I was sending a card to a friend this morning to make her day just a tad brighter. I pulled the stamp from the roll, placed it in the upper right hand corner of the envelope, and ran my thumb from left to right. I paused and smiled. How many times had I done this same thing, exactly this way?–Thousands of times. The exact number is not important, but the fact is that every time I apply the stamp, following the same process, I have confidence that the US Post Office will do its job and the letter will arrive to the intended person, on time. Every time. My process and that of the Post Office are tight processes: I prepare the envelope correctly with a stamp (and the thumb left to right action) and the post office sorts the incoming mail, routes it, and delivers it, every time, on time.
I worked as a consultant in a variety of large corporations in the 80’s and 90’s taking organizations through a movement called Total Quality. TQM as it was referred to, was all about having clearly defined processes across an organization that connected one department to another, getting the final product eventually to the end-user, be that an internal or external user. We referred to each department we were handing off work to as an “internal customer”, the next person in line to receive our work. We fully understood the needs and requirements of the next customer or user, and took responsibility for making sure we were delivering a quality product to them. The movement with its emphasis on redefining cumbersome processes was embraced fully and it was remarkable to see the reduction of unnecessary steps, the reduction of work errors, and most important, the improvement in the final product or outcome.

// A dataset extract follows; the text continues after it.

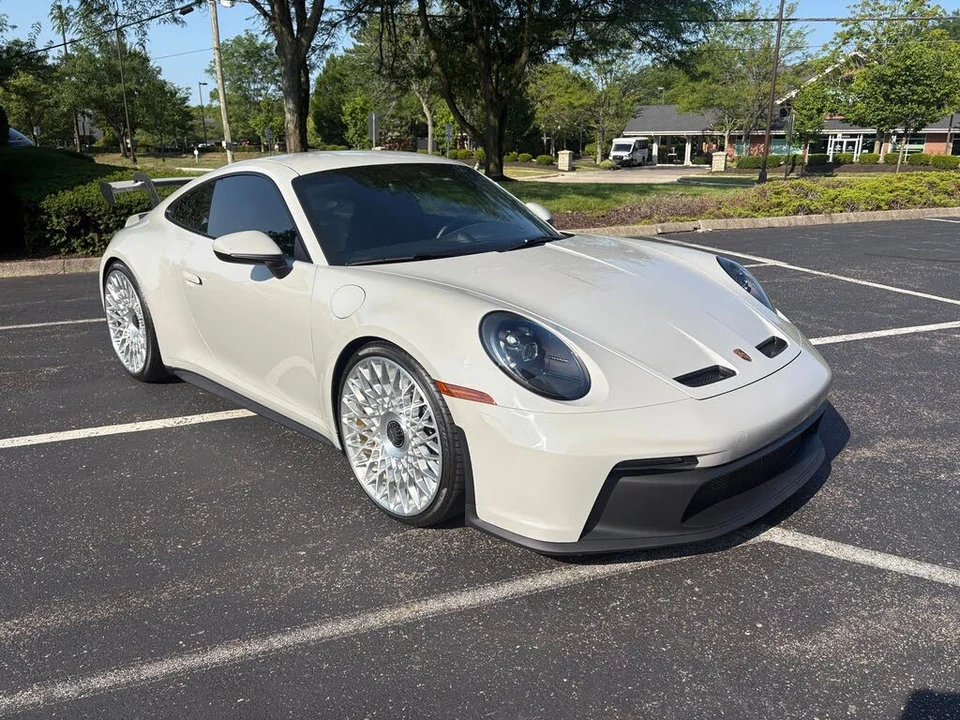 2024 Porsche 992 GT3 - Image 7 of 31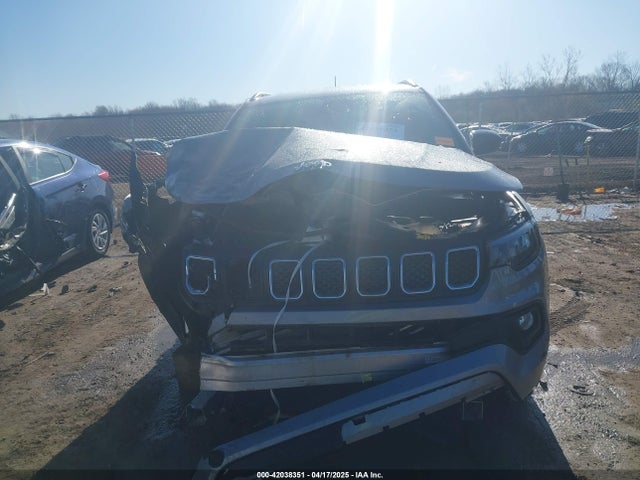 3C4NJDFN4PT530739 Jeep Compass Latitude Lux Fwd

Like my application of the postage stamp, I have several processes that I followed religiously because they give me my desired outcome, every single time. My morning routine is one of those processes: I shower, do hair/makeu[, ask Alexa for the forecast, dress, eat breakfast and review my gratitude list. That gets me out the door, on time, looking and feeling as good as a 70-something woman can. When I am planning a Social Committee event for my condo, I complete a prioritized list of all that has to be done with a by whom and by when notation after each item. This makes planning simultaneous events manageable, and one that consistently results in a well-organized event. When friends ask me how I do all that I do, I know the answer lies in my clearly defined processes.
High SUCCESSTROGEN women have developed processes that work for them in their busy work and personal lives. Their consistency works well for those with whom they live and work, delivers what they need, and eliminates much stress in their lives. Sometimes processes need to be tweaked to accommodate changes because they no longer deliver the product we or the next user needs. High SUCCESSTROGEN women take the time to redesign a broken process so they continue to deliver their best.
I am not sure I did this well enough with my children years ago, but if I were parenting today I would focus on processes, helping my children understand how some routines in their lives will eliminate stress for them, keep them organized, and serve them well throughout their lives. As you know I also enjoy the spontaneous side of my life, where I pull some fun happening together based on a spur of the moment whim. I am able to do that because of a few, well organized processes in my day that allow me time and energy to respond to a sudden whim.
So give some thought to where a defined process will help you or your children, or consider redesigning a process that no longer delivers your anticipated outcome. The deal is not to become rigid with your life, but rather to select a few key processes that you commit to that will help you manage your day.